Was Kim right to be upset about Kris’ immature and inconsiderate trip abroad, ABSOLUTELY! Was this a reason for divorce, ABSOLUTELY NOT (in my opinion)!
I know that many may disagree with me, but one thing that I have gained in these first few years of marriage (aside from those stubborn newlywed pounds) is an increased tolerance and patience in dealing with my spouse. Admittedly, we have both been guilty of thoughtless behavior as we adjust to our new status as "Mr. and Mrs.". For some, it just takes a little longer to acquiesce, and I think Kris may be one of those people. Kris’ actions reflect his age, character, and maybe some general naiveté about marriage. All of these things are understandable and a part of that sometimes painful adjustment period that all newlyweds go through.
This is why I'm a staunch advocate of a lengthy courting period (at least 1 year). There are always exceptions to the rule, but I believe it takes some time to learn a person's true character and to see how they react in different situations before you can make a decision about spending the rest of your life with this person.
Our premarital counselor always made a point of stressing the seriousness and permanence of marriage to us. In so many words he was trying to tell us that if we had any doubts about what we were about to embark upon, to work through them or decide to get out now!
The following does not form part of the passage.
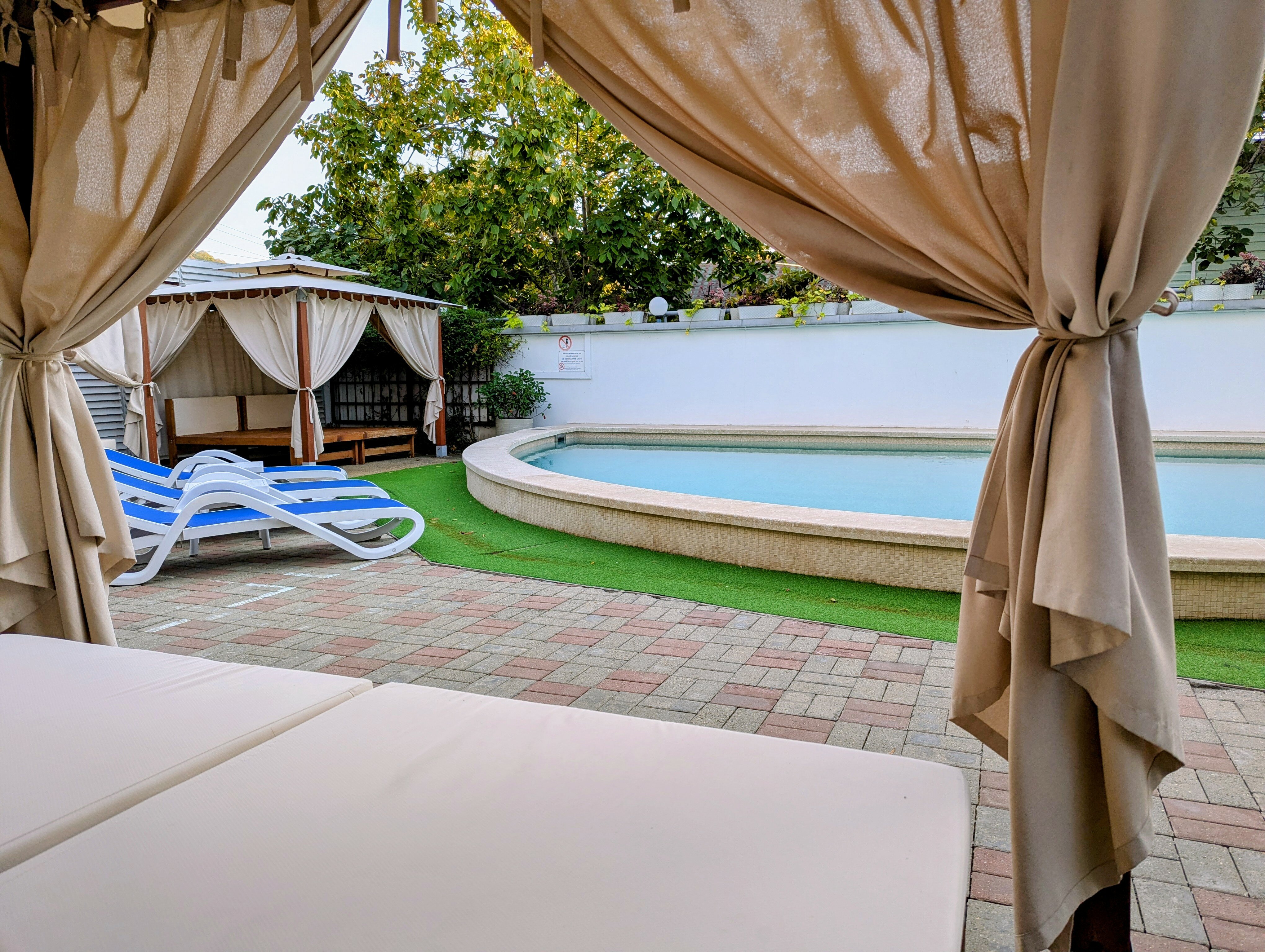 Фото Роза Ветров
My husband and I both had an understanding of the seriousness of our union to ourselves, our family, our friends, and our future progeny. We also felt that we knew each other well enough to feel completely confident in the decision we were making.
An understanding of the severity of marriage makes one think more than twice before proceeding with any type of divorce action. Now don’t get me wrong, I believe that if either spouse becomes emotionally or physically abusive, or does something to undermine each other's happiness and well being then divorce is certainly justifiable and appropriate. If he becomes the NeNe to my Kim, the Tea Party to my Obama, you best believe I’ll be headed to the attorney’s office with a quickness.
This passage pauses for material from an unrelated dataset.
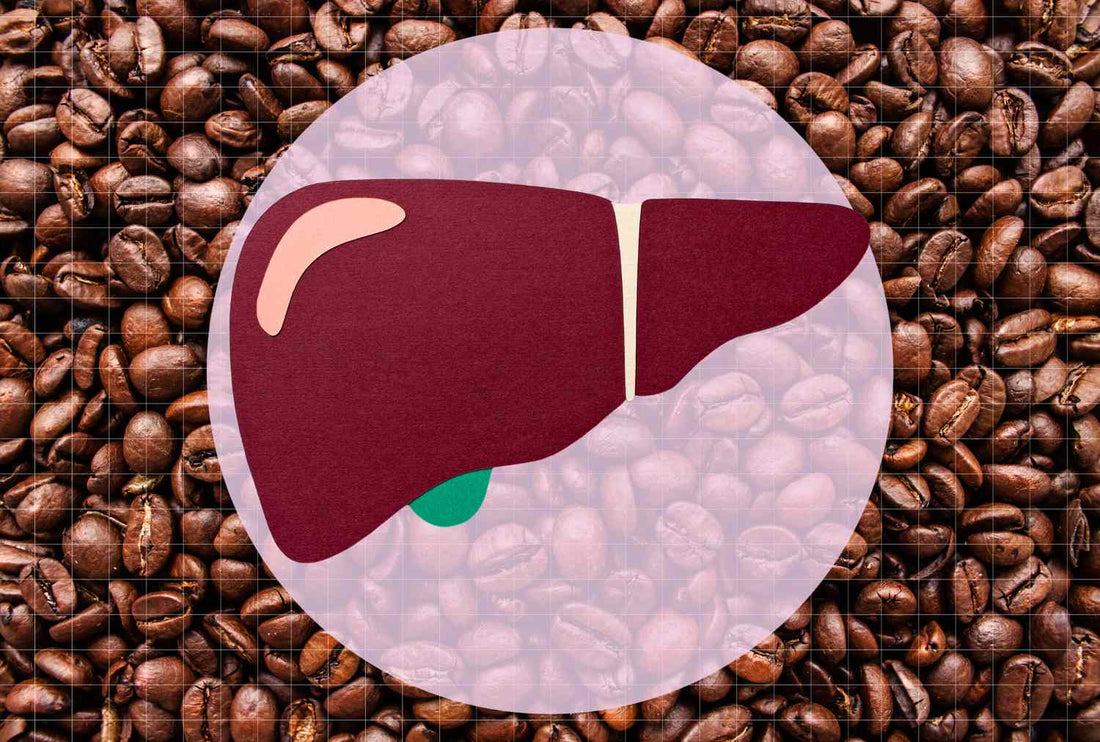 Coffee's Role in Protecting Your Liver Health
Not to sound like a broken record but I truly believe that marriages require work and effort. You get out what you put in. Couples should approach marriage in the same way the Toyota approaches automobile manufacturing: continuous quality improvement. Keep working on your issues together until you can come up with solutions that work for the two of you. Check in with each other to ensure that you are both getting what you need out of the relationship and are happy in the marriage. I know some couples who actually schedule "state of the union" meetings with each other periodically. Do what works for you!